Working on prevention is not easy because nephrologists across the world have only assumptions to go by. “There is a lot of hypothesis that agrochemicals and contaminated water could be likely causes. While we do not have evidence to prove this, the public health system is trying to intervene through some preventive measures,” he says. Local government officials involved in the campaign now focus on providing good quality drinking water, raising awareness about the risk of dehydration and ensuring supervised use of agrochemicals and fertilisers.

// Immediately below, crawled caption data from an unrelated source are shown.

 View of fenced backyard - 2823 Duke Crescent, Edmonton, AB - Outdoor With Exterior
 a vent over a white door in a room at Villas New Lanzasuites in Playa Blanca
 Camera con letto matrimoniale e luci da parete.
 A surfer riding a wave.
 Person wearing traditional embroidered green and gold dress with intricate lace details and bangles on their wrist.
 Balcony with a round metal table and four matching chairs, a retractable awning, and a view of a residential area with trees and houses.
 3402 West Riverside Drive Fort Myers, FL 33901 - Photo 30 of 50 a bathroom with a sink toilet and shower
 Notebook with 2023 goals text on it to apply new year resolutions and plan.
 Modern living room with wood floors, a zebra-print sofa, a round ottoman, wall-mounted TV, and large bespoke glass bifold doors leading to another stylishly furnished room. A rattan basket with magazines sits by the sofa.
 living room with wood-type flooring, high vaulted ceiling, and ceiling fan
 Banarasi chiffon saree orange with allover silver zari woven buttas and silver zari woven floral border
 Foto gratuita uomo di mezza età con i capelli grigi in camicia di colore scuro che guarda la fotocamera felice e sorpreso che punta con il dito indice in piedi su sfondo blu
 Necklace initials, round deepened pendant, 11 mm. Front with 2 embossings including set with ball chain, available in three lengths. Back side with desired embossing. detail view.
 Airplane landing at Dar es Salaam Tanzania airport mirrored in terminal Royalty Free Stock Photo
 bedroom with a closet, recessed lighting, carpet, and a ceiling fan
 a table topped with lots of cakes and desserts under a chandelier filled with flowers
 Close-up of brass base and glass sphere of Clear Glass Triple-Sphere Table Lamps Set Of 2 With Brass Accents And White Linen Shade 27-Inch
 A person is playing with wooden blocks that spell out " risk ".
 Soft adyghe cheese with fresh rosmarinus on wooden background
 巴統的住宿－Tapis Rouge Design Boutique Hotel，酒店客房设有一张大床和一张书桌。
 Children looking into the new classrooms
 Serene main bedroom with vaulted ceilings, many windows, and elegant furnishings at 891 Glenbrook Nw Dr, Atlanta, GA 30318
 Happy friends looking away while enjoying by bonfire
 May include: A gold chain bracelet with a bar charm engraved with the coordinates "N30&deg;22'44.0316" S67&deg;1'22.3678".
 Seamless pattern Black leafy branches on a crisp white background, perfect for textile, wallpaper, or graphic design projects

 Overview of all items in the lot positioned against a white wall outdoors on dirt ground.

Science writer Nalaka Gunawardene, who has been commenting on CKDu, observes that while the government’s current efforts in responding to what has become a “slow national tragedy” merits recognition, it should not take hasty decisions on regulating the use of agrochemicals. “There are more than 30 hypotheses on the causes of CKDu, but the environment lobby has cherry-picked one or two possible causes,” he says. Emphasising that the regulation of agrochemicals be done on its own terms, he says it was crucially linked to the country’s food security and farmers’ income security. “We should slowly wean agriculture from agrochemicals,” he says, adding that meanwhile Sri Lanka needed to expand its resources, and build on available expertise.

Given all the challenges, Sri Lanka has come a long way in responding to CKDu, doctors say. In the mid-1990s when the cases first emerged, the government hospital in Anuradhapura, in the North Central Province, did not have a renal care unit, recalls Asanga Ranasinghe, National Coordinator for Kidney Disease Prevention and Research, Ministry of Health. “But now there is a 9-storey building with a special renal unit,” the senior public health official says.

“The concrete etiology [medical cause] is yet to be found, but if we wait until scientific symptoms manifest, a patient might have already lost up to 60 per cent of his kidney function by then,” Dr. Ranasinghe says, pointing to the government’s current thrust on early detection. There is no cure but timely diagnosis and dialysis could help prolong kidney function.

Apart from facilities for regular screening, the Sri Lankan government embarked on an initiative to provide purified water to endemic areas. “We have covered almost 97 per cent now,” he says.

The Health Ministry has begun sensitising its officials in every district to the condition. “We are also training our public health workers at the grass-roots level. Our public health infrastructure is gearing up in a big way,” Dr. Ranasinghe says.